Gran was born Mary Ann Tracey, from a large catholic family in Cork in Ireland.  Her father was apparently a bit of a gypsy and a wastrel. I hasten to add, now these people are so long gone, I’ve no way of verifying much of this except through my memory. She came  over to London and worked in the Post Office, and she did say to me once that she had been a Tiller girl – one of the dancing-girls in a show in the 1920s.  She met my Grandfather, who parents lived in Winchester and there they settled.  Grandfather was technically also Irish, as he was born there while his father was stationed there in the army. Making me by default half Irish, which some people says explains a lot!  Great Grandfather was a Fencing master at the famous Winchester College.
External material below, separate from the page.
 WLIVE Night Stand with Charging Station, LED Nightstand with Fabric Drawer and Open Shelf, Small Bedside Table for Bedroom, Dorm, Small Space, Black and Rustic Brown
Grandfather was also military and served in India,mesopotamia and the Kyber pass,  nearly dying of enteric fever, and so missing a lot of the action.  He must have been a vital man, short and Mum said loving.  The marriage produced Peter Croft,  and my mum, Moira Nora.  grandfather (Harold) ran the  small Grocery shop, started by his father. I think in Hyde street in Winchester(ver close to the College) and branches followed in St Cross, Andover, Basingstoke but the main was in Jewry Street, Croft and Son.  He became a well known business man, was in Dad’s army (apparently the tv series was true!) during the second world war but died an early death before I was born.

The arrival of Peter was celebrated by Gran, but not the arrival of my mother.  Peter was killed in the Second World war, and his death made my Gran what was formerly a bit difficult, into very difficult as she internalised her pain (Mum’s words). She in fact told a friend she had never wanted a daughter, some superstitious would say the fact that they shared the same birthday didn’t help. This was born out by Gran sending my mother to a convent school in Farnborough, Hampshire at the age of five. My mother never got over this nor forgave her, and was the start of the bitterness that soured her life.  I could never have parted with my daughter for five minutes at that age, what was Gran thinking?  

I have to skip quite a few years as this blog is about my Grandmother, but I’ll return to what I know of Mum’s childhood later. Suffice to say, I was born into a household of enmity.  My mother, with two children was divorcing my father and living with my widowed Grandmother.  The family had returned from Canada shortly before my birth  and Gran hd to sell a ring to help pay for the passage, and never let my mother forget it.  I don’t know how old I was before I realised I had to make a choice.  Maybe Gran had mellowed in her older years, but my memories of her before this date must have been positive.  Then one day, I realised Mum and my brothers were speaking nastily of her, calling names, it was maybe the first time they put salt in her pudding of prunes, I’m not sure. I was aware I needed to be on one side or the other, and that had to be with  my family. I innocently chose to hate.